WHAT THE TASK REQUIRES:
Exactly the lines from the one containing "Extra fine Isfahan" through the end of the records must be reproduced; leave out all pictures.

##### SUPPLIED RECORDS

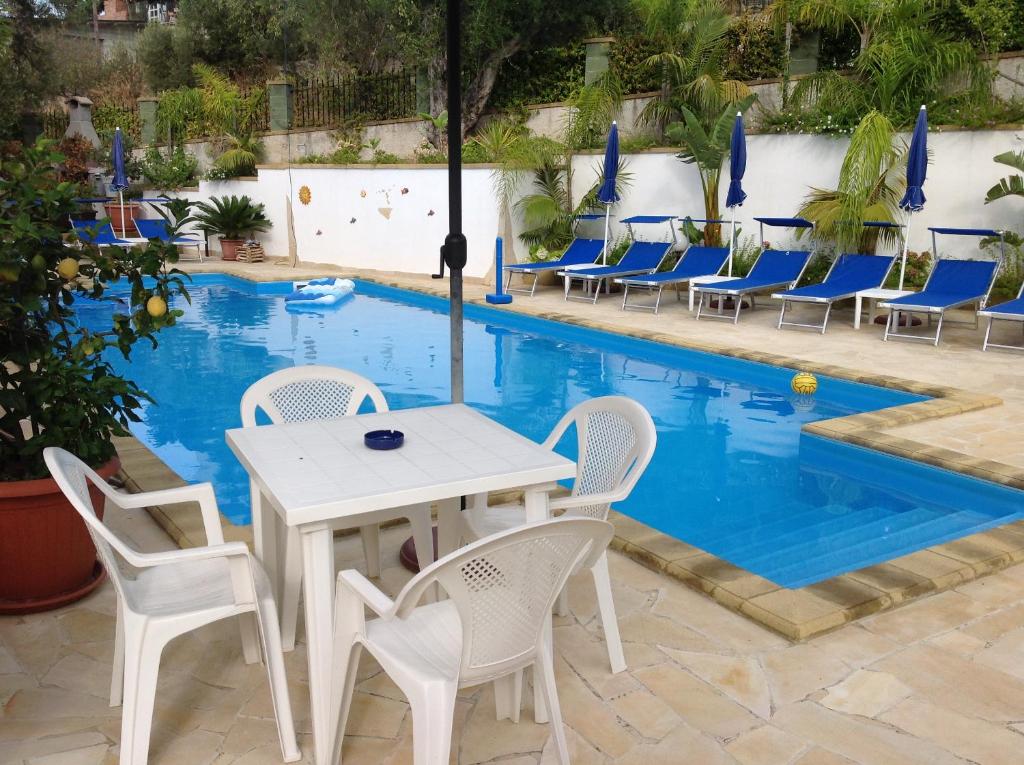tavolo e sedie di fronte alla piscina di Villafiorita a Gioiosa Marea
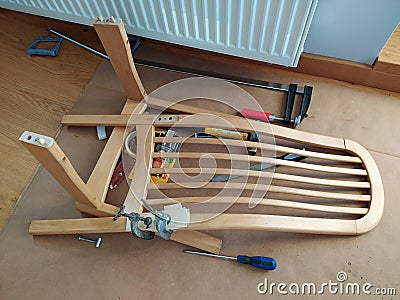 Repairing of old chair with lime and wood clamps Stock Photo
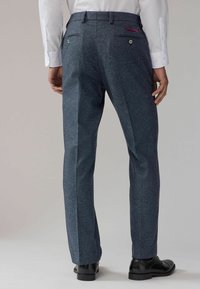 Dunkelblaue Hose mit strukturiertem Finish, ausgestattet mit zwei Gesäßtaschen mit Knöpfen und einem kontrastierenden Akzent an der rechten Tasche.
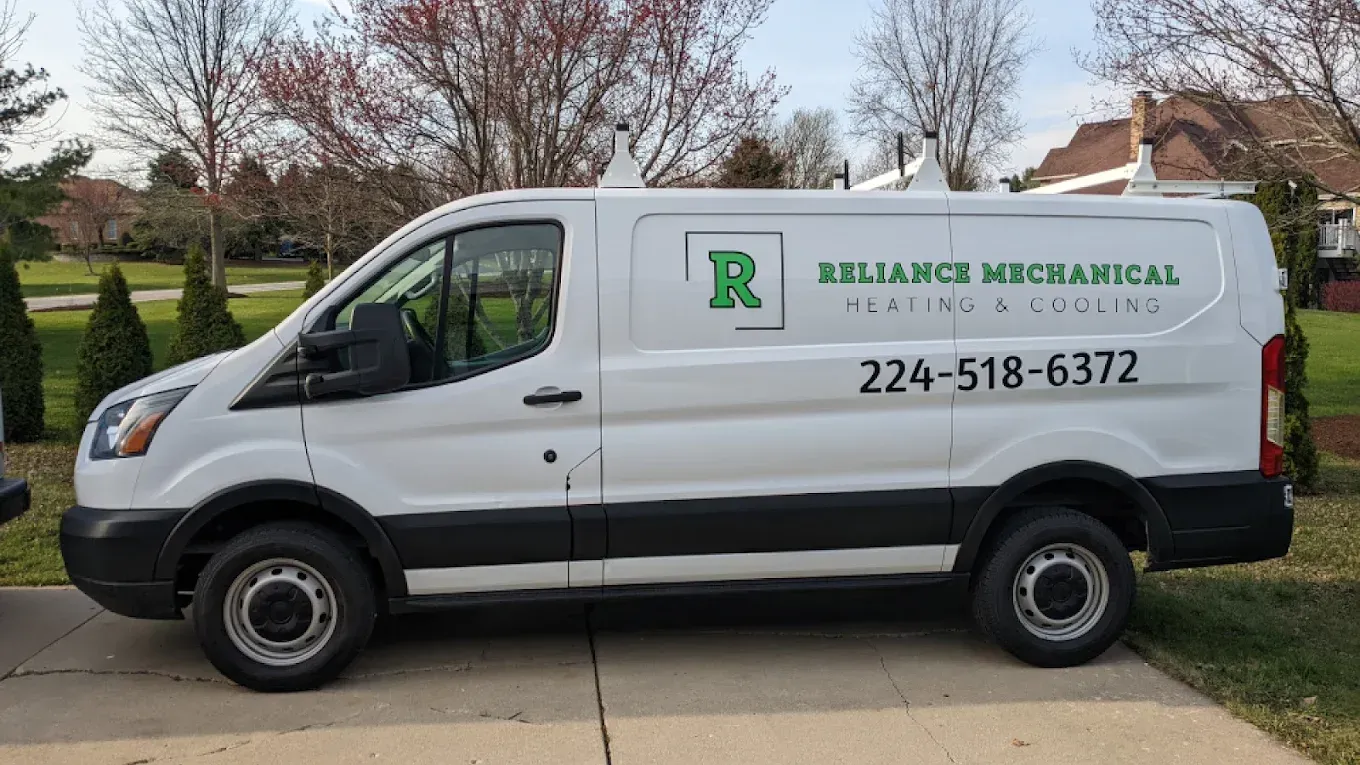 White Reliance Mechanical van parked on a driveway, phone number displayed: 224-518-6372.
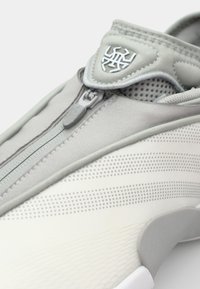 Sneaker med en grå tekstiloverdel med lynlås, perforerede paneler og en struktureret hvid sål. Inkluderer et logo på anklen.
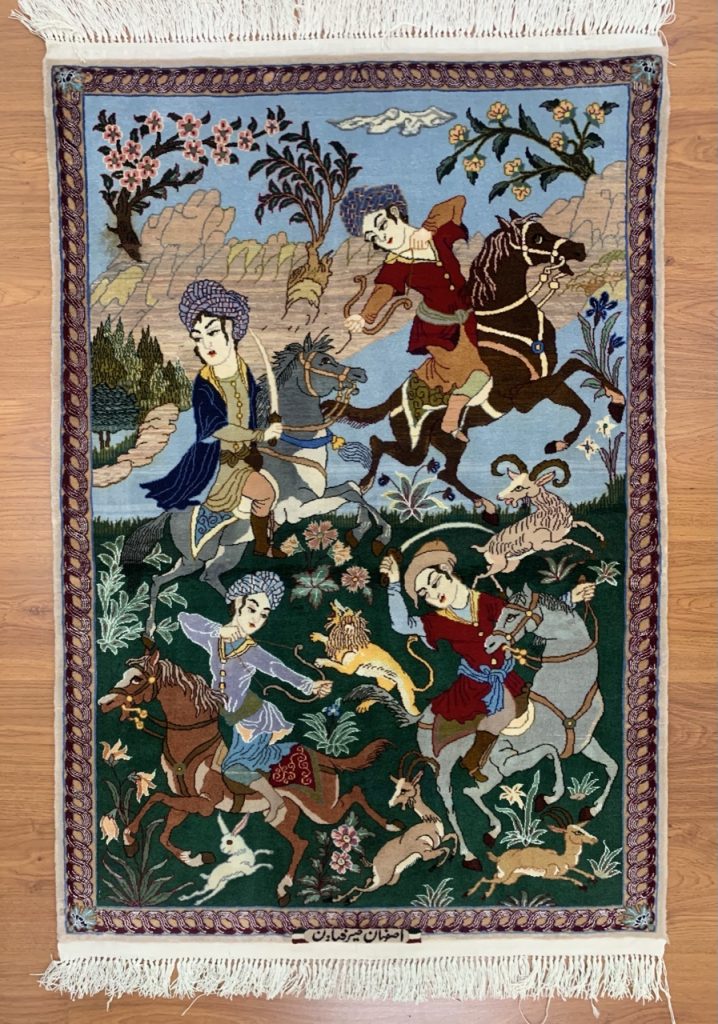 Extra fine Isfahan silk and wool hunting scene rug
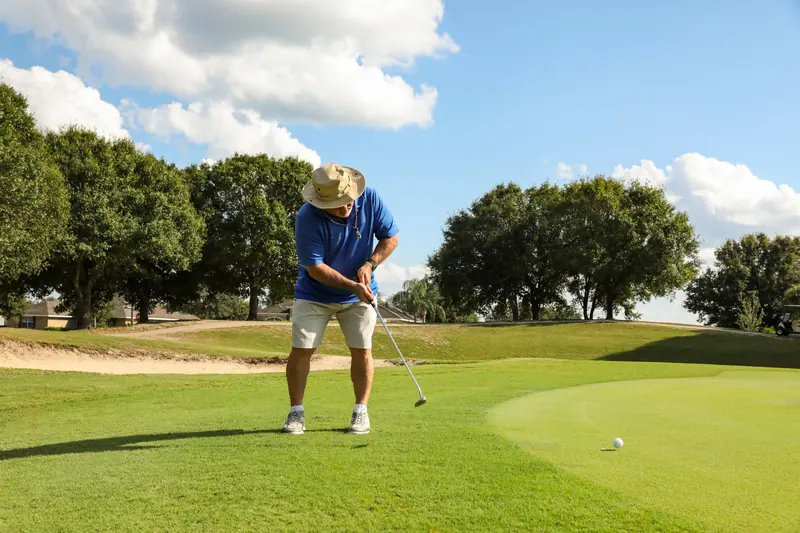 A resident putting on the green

##########

RESULT OF THE TASK:
 Extra fine Isfahan silk and wool hunting scene rug
 A resident putting on the green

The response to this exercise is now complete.